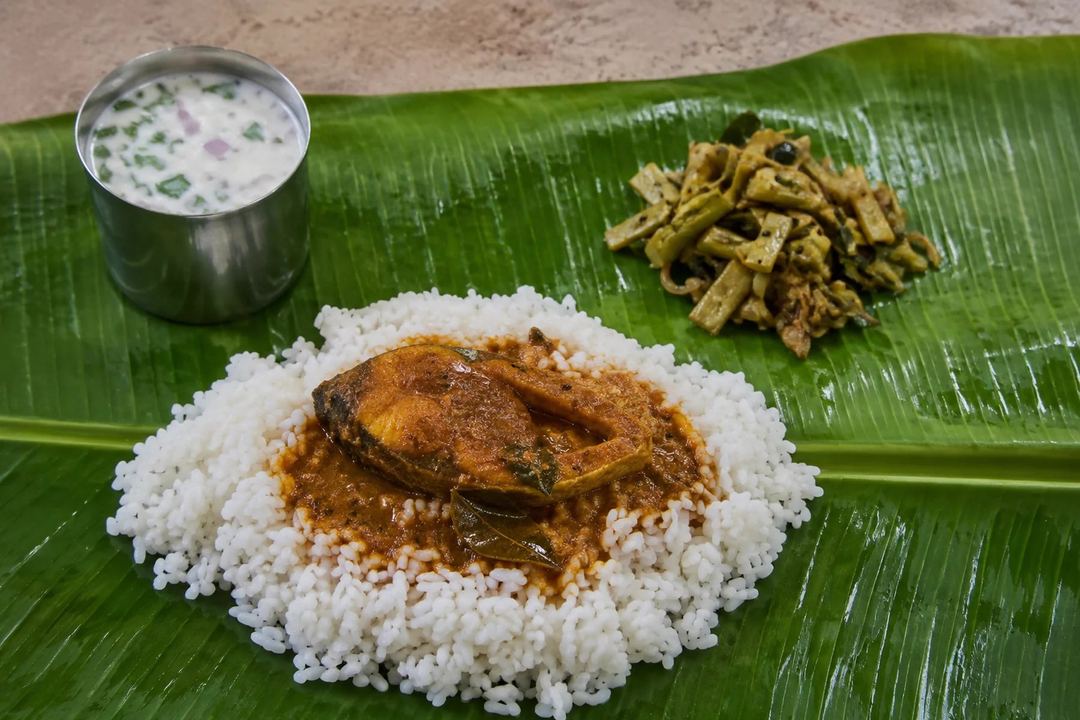 A cooked coastal Tamil fish curry served with rice a vegetable side and buttermilk on a banana leaf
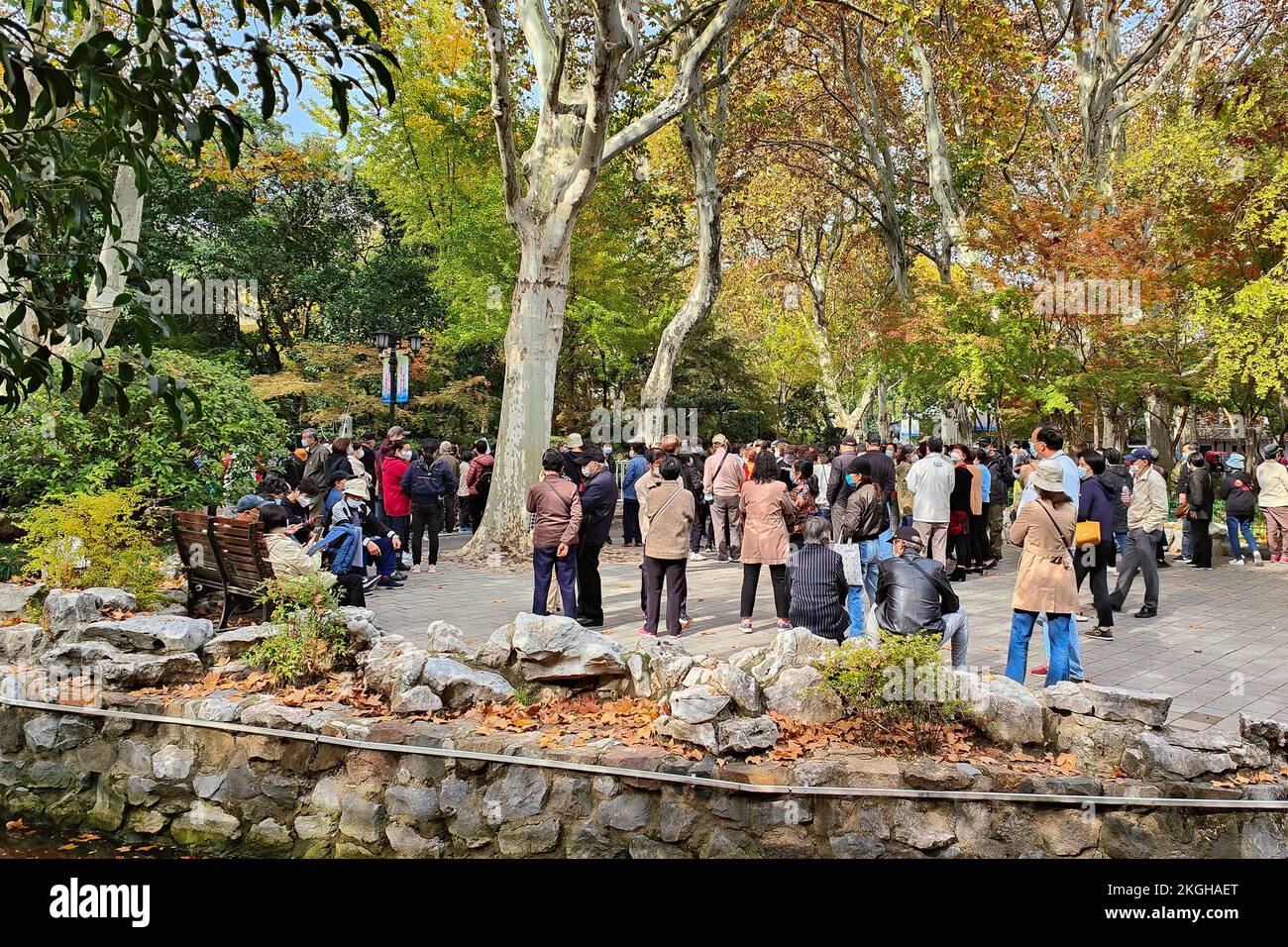 SHANGHAI, CHINA - NOVEMBER 23, 2022 - Elderly people chat to find dates for their children at Lu Xun Park in Shanghai, China, November 23, 2022. It is Stock Photo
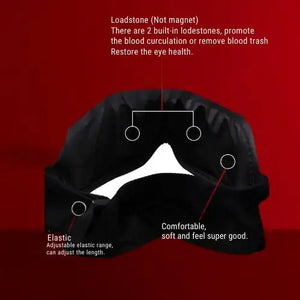 "Black fabric eye mask with adjustable elastic band, featuring two built-in lodestones, side view on red background."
------------------------------------
_Brief:_ Please print the data above once more, exactly and without images.

_Task answer:_
 A cooked coastal Tamil fish curry served with rice a vegetable side and buttermilk on a banana leaf
 SHANGHAI, CHINA - NOVEMBER 23, 2022 - Elderly people chat to find dates for their children at Lu Xun Park in Shanghai, China, November 23, 2022. It is Stock Photo
 "Black fabric eye mask with adjustable elastic band, featuring two built-in lodestones, side view on red background."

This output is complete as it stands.